山口支部のベテラン女子レーサー佐々木裕美は清水愛海を「山口の宝」と呼び、引退したレジェンド・今村豊さんさえ、将来へ向けて清水の育成方法を提案するほどだ。
清水の127期養成所時代は勝率7.12でトップ、修了記念競走でもインから逃げて優勝した。当時のことについては「勝率は1位でしたが、実力は男子の方がうまく、たまたま運が良かっただけです」と謙遜する。養成所時代は“転覆王”として伝説になりかけたこともあったそうだが、本人は「自分ができないことよりも、みんなの訓練時間を奪ってしまうことに泣いていました」と意外な実情を明かしている。

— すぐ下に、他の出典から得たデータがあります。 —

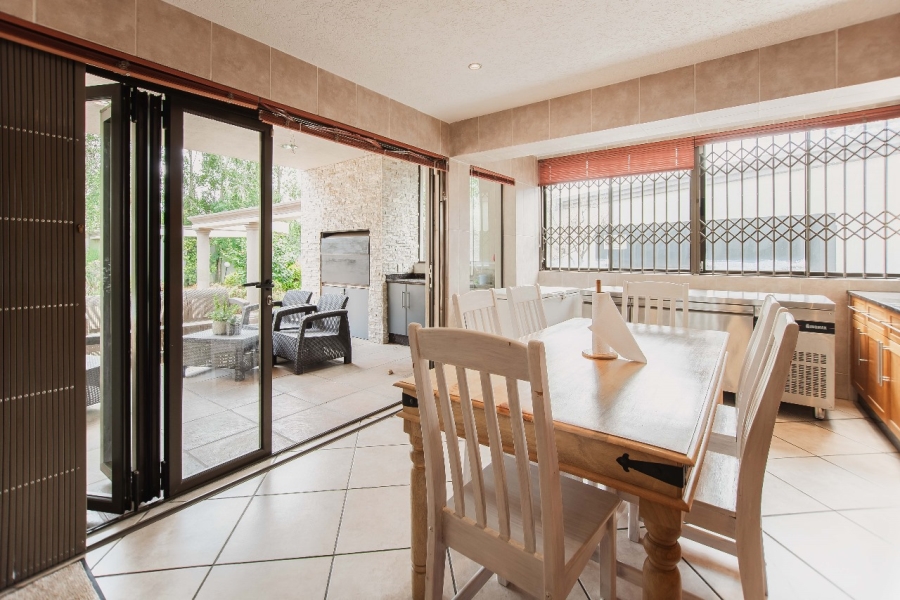 5 Bedroom Property for Sale in Dowerglen Ext 4 Gauteng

その清水はデビューから4期目にA2級へ上がり、5期目もA2級、しかし6期目の現在(2024年1月時点)はF1と失格2回があって勝率4.40でB級に1歩後退した。進入コースは2022年5月から枠なりに入っていたが、今村豊さんのアドバイスで2023年1月からは1、2コースはやめて3コースから外に変更。「中外から行った方が将来を見据えれば、うまくなるから」という理由だった。勝率はいったん5.69に上がったが、2023年5月以降は勝率4.40とブレーキがかかってしまい、2023年11月からは再び枠なりに戻っている。期初めにFは切ってしまったが、外コースで得たものがあったろう、その後は勝率6点台ペースで視界が広がってきた。

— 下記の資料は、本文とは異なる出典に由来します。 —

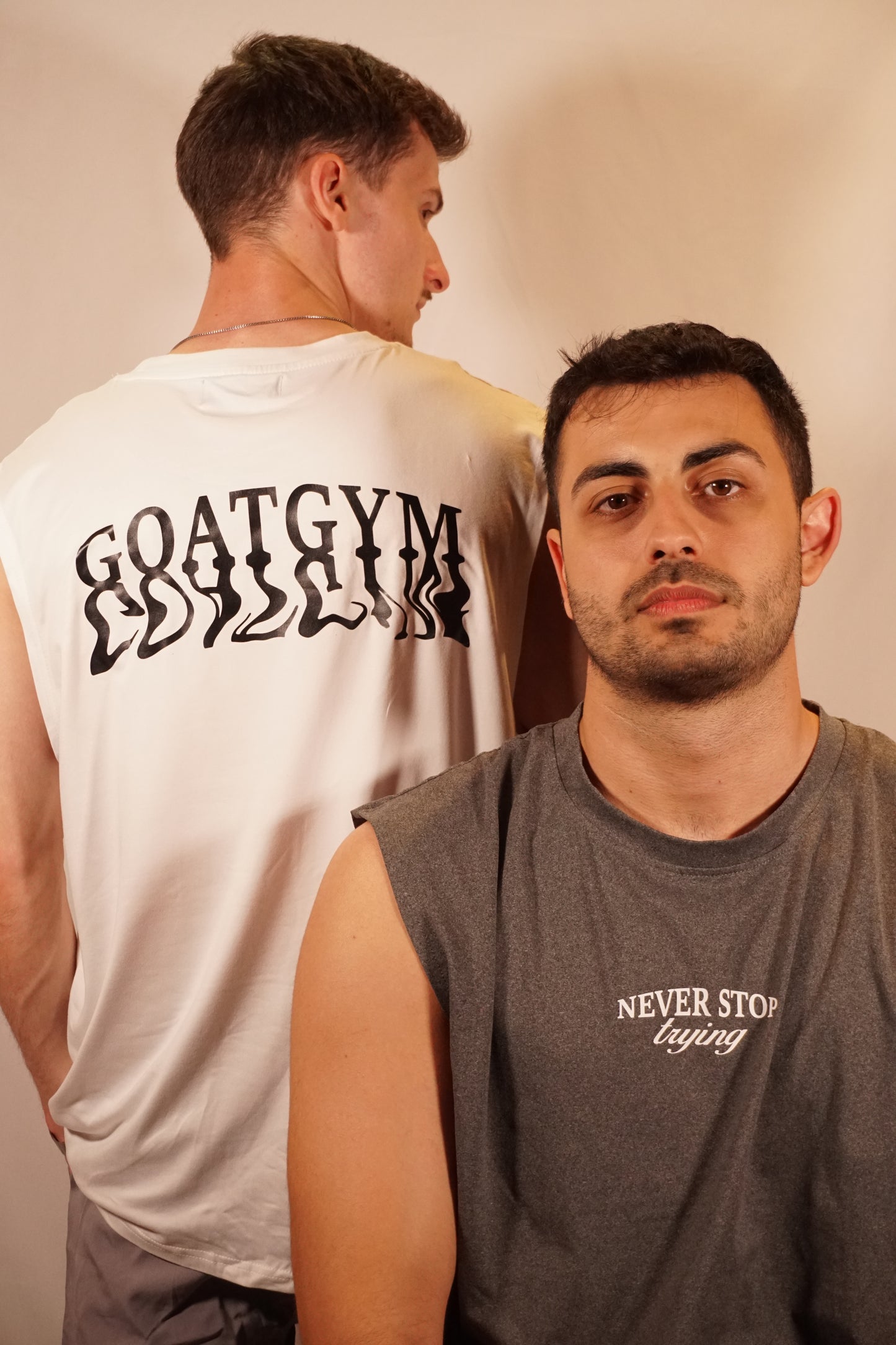 Camiseta sin mangas gris Never stop trying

ターンスピードと、コーナーに入っていく角度の良さは出色な清水だが2023年については「自分的にはダメダメな年だったので、2024年は休むことなくレースに出て、クイーンズクライマックスに出られるように頑張ります。まずは下関でレディースチャレンジカップがあるので、そこを目標に」とロングレンジでの計画を立てている。
どんなステップを踏んで成長していくのか、楽しみが尽きない未来のスター候補だ。